## Introduction
Welcome to the workshop **Python Fundamentals**, hosted by ITS - Research Services at the University of Iowa.

Instructor: Giang Rudderham

This workshop focuses on the **basic** concepts and features of Python that will serve as building blocks for data analysis tasks.

This notebook will cover **day 2 and part of day 3** of the workshop.

In this notebook we will cover:
* Conditional statements
* Defining functions
* More about strings
* String methods
* Lists
* Download notebooks
* Technical notes

TESTING


## Conditional statements

**Booleans** are very useful when used together with **conditional statements**: `if`, `elif`, and `else`.

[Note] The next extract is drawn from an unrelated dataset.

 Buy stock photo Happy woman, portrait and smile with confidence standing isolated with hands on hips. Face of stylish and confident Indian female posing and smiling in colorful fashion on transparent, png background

For example, suppose you are working with survey data that include a variable about the respondents' sex assigned at birth. *(Note that sex assigned at birth is often a different variable than gender.)*

It's common for sex to be coded as numeric values following a scheme such as:

    Male -> coded as 0
    Female -> coded as 1
    Respondents refused to disclose sex during the survey -> coded as 9


In the example below, we create a variable called `sex_str` to correspond with the numeric variable `sex`. 

In [None]:
sex = 0

if sex == 0:
    sex_str = "Male"
    
# see what sex_str is, given that sex = 0 
print(sex_str)

Some observations about an `if` statement:
* Notice the `:` after the `if` statement. This is required syntax.
* The body of the code inside the `if` statement is indented. It's standard to use 4 spaces. Jupyter Notebook indents automatically for you.

Use `elif` and `else` to check all scenarios:

In [None]:
sex = 0

if sex == 0:
    sex_str = "Male"
elif sex == 1:
    sex_str = "Female"
elif sex == 9:
    sex_str = "Refused"
else:
    sex_str = "Missing"

# see what sex_str is, given that sex = 0 
print(sex_str)

In the block of conditional statements in the example above, each `if`, `elif` and `else` statement was checked, starting from the the top `if` statement. If the condition is true, the code inside the statement gets executed. Otherwise move down to the next statement.

At the end, all remaining cases get put in the `else` category.

`elif` is short for "else if". You can include as many `elif` statements as you want. It's optional to include `elif` and `else` in a block of conditional statements. Only the first statement, `if`, is required.

Similarly to the `if` statement:
* Notice the `:` after each `elif` and `else` statement. This is required syntax.
* The code inside each `elif` and `else` statement is indented. It's standard to use 4 spaces. Jupyter Notebook indents automatically for you.

## Defining functions

In the last lesson, we learned several built-in functions such as `type()`, `int()`, `float()`, `min()`, `max()`, and `abs()`.

We can also write our own functions in Python. 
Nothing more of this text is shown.